[[ SUPPLIED INFORMATION, beginning ]]

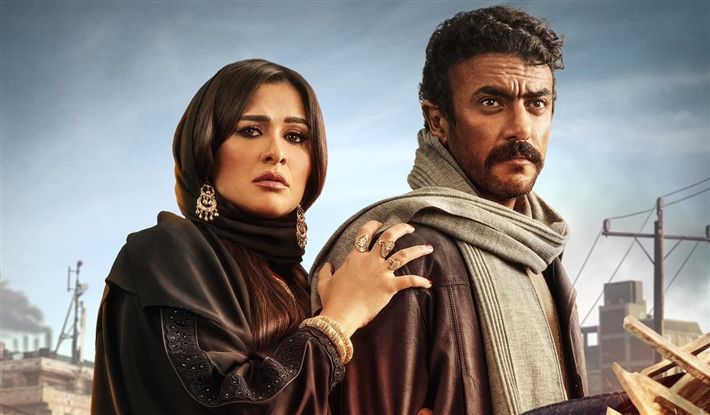 ياسمين عبد العزيز تؤدي مناسك العمرة فى أحدث ظهور
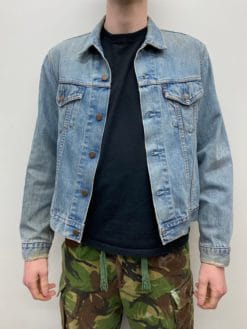 Mens Vintage Y2K Levis Trucker Jacket in Light Wash Denim with Distressed Patches / Stitching on Back and Cuffs - Size Men's S / M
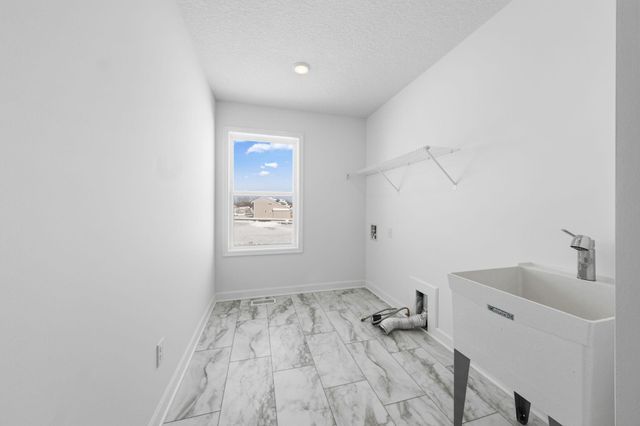 18342 Huntley Trail, Lakeville, MN 55044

[[ SUPPLIED INFORMATION, end ]]

> _TASK PROMPT_
Whenever you reach a picture, pass over it; print all the other material exactly.

> _ANSWER AREA_
 ياسمين عبد العزيز تؤدي مناسك العمرة فى أحدث ظهور
 Mens Vintage Y2K Levis Trucker Jacket in Light Wash Denim with Distressed Patches / Stitching on Back and Cuffs - Size Men's S / M
 18342 Huntley Trail, Lakeville, MN 55044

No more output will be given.